Creo que crecer es un acto extremadamente simple y, a la vez, lo más complejo que se me ocurre. Y no estoy del todo seguro que sea un acto. Había pensado usar la palabra cosa, sacada del baúl, pero creo que queda feo. También creo que se acerca más a la definición. Si con acto entendemos una acción, para crecer, ¿es necesario hacer algo?

Hemingway, en París era una fiesta, un libro en el cual narra ciertos acontecimientos del París donde se formó como escritor acompañado por su primera esposa (y desborda el amor que la profesaba, a pesar de reconocer, a posteriori, su metida de p**** en la olla), charla acaloradamente con esta acerca de un arriesgado corte de pelo. «Asno mal esquilmado, en dos días arreglado», o algo así que decía mi abuela. En resumidas cuentas, llegaban a la conclusión de que lo peor que podían hacer, en caso de desastre, era simple y llanamente esperar: el pelo volvería a crecer. Es una suerte que no todos tenemos. Y creo que puede aplicarse a cualquier problema de la vida.

Entendamos entonces «crecer» no ya como acto, ni como cosa, sino como proceso.
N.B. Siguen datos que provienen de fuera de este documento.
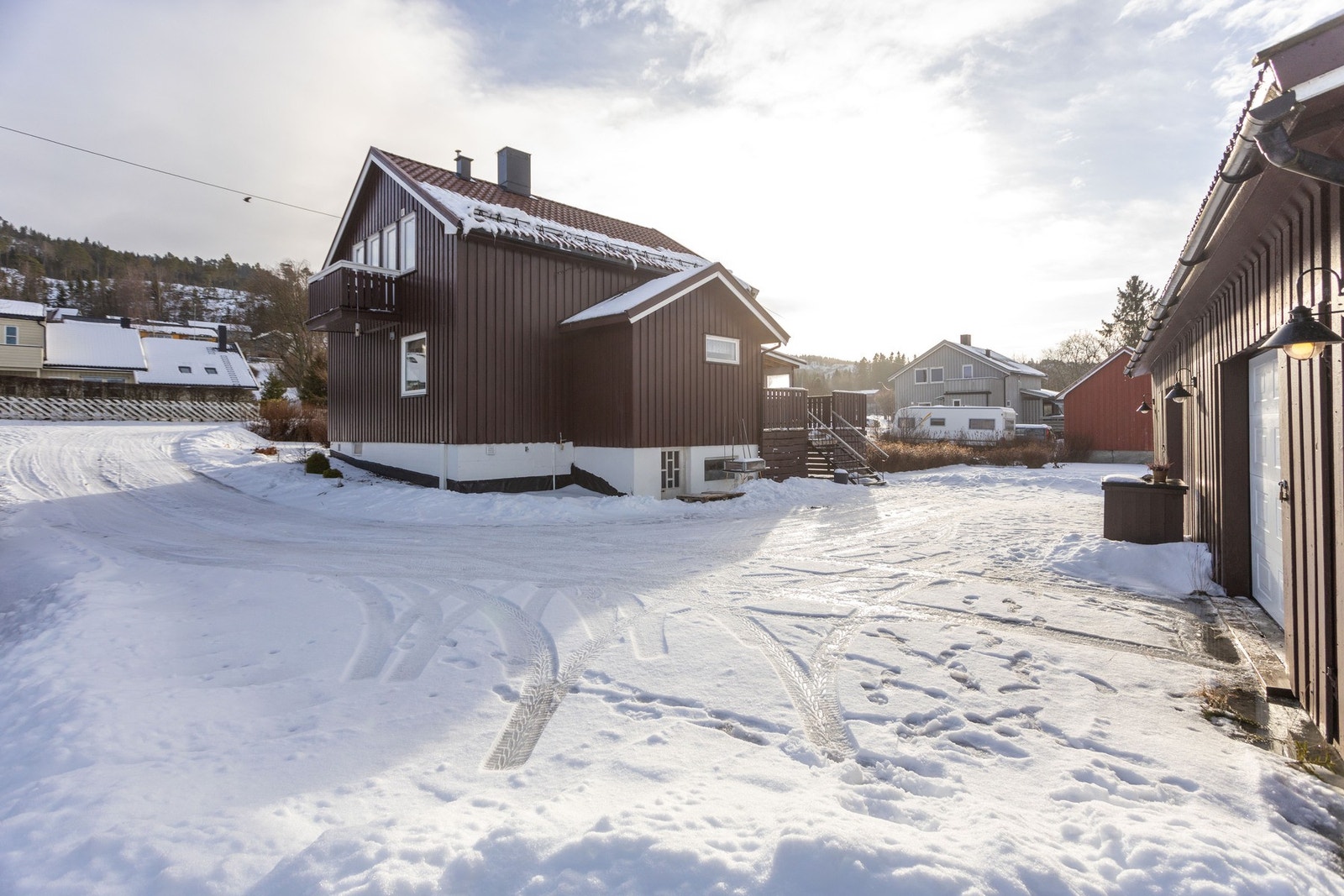 Romslig gårdsplass Galleribilde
Igual que la comida al entrar en nuestro organismo: sin intervención directa, la digestión y otros procesos absorben lo que vale (nutrientes útiles) y desechan lo que no. Un tema como cualquier otro para tratar un domingo por la mañana.

Creo, y permítanme un acto de filosofía barata, que crecer y cagar son primos hermanos. La escala equivalente es la que mantienen un ecosistema concreto, pongamos los Valles Pasiegos (o, si lo preferís, la sabana o una selva exótica), y la Tierra en su conjunto. Defecar es el resultado material de crecer un poquito, a lo alto y a lo ancho. Como comentaban Hemingway y su esposa, efectivamente basta con esperar para que crezca el pelo o se degrade nuestro organismo, pero el alimento es el combustible que permite que eso pase. Y la vida, en su conjunto, está íntimamente relacionada con esa navaja de doble filo: los banquetes son un acto social, de celebración, pero luego cada cual caga en su propio retrete (y, por su bien, con las ventanas bien abiertas).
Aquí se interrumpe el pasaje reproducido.